What contributes to the gap? Lack of career advancement tends to keep women in lower-paying nonmanagement roles, and spending fewer hours on the job is also a contributing factor, the research suggests.


PayScale Inc., which provides compensation resources and software, looked at uncontrolled gender pay data (comparing working women and men generally) and found that, on average, women across the U.S. earned 76 cents on the dollar compared with men in 2016. That’s a 23.7 percent difference, down from last year’s 25.6 percent gap.


However, controlled data (comparing men and women with similar job type, education and experience, holding similar positions, etc.) show that women earn 98 cents on the dollar compared with men, or just 2.4 percent less, according to the firm’s 2016 Inside the Gender Pay Gap report


PayScale Inc. attributes the difference in controlled and uncontrolled data to the fact jobs and industries with higher pay are often disproportionately filled with male workers.
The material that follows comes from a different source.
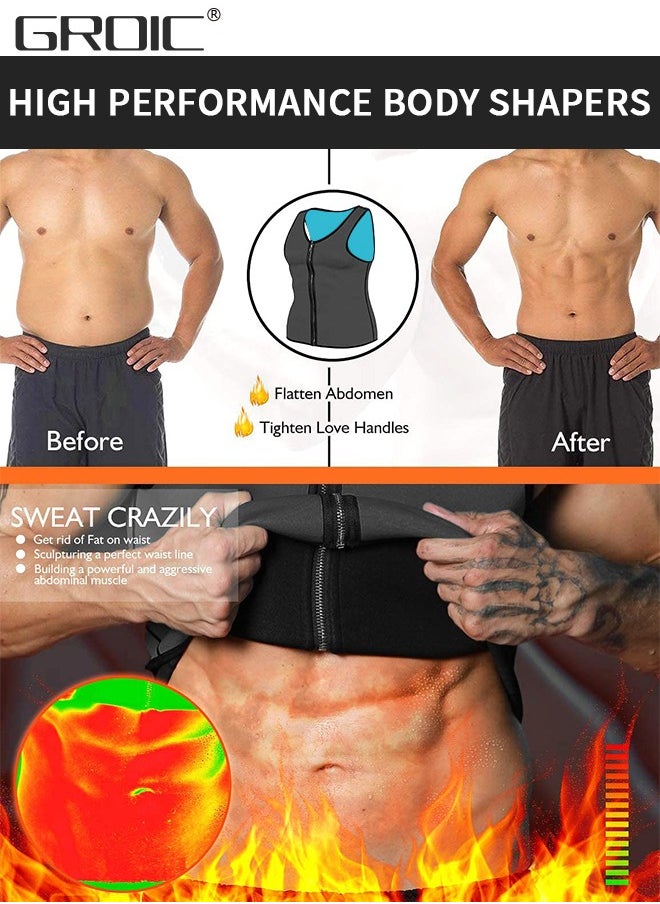 GROIC - Men Sauna Vest Hot Sweat Waist Trainer Corset Neoprene Tank Top Shapewear Slimming Shirt Workout Suit - Image 1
Even within a given industry, the gender pay gap increases as employees move up the corporate ladder and fewer women are found in management roles.


Bias is still seen as a factor holding women back, according to many of the study’s female respondents. The researchers found that nearly 20 percent of all women and 36 percent of those with MBA degrees felt their gender was a factor in missing a raise or promotion.


The other factor contributing to the gender pay gap is the number of hours worked by men and women. In the U.S. workforce, 47 percent of men say they work more than 40 hours per week, while 30 percent of women say the same. Both salaried and hourly workers were examined.